[TASK BRIEF]
In the records below, find the line with "Closeup of mushrooms, orange" and the line with "Round copper-tone wall"; return exactly those lines and every line between them.

[AVAILABLE DATA]
Segment Open

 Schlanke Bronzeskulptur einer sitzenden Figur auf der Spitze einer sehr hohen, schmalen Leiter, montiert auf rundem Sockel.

Segment Closed
Segment Open

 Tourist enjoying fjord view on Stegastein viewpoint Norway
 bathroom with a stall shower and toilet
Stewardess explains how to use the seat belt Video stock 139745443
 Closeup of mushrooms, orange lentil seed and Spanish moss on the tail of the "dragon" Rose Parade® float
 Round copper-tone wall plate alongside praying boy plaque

Segment Closed

[WRITTEN ANSWER]
 Closeup of mushrooms, orange lentil seed and Spanish moss on the tail of the "dragon" Rose Parade® float
 Round copper-tone wall plate alongside praying boy plaque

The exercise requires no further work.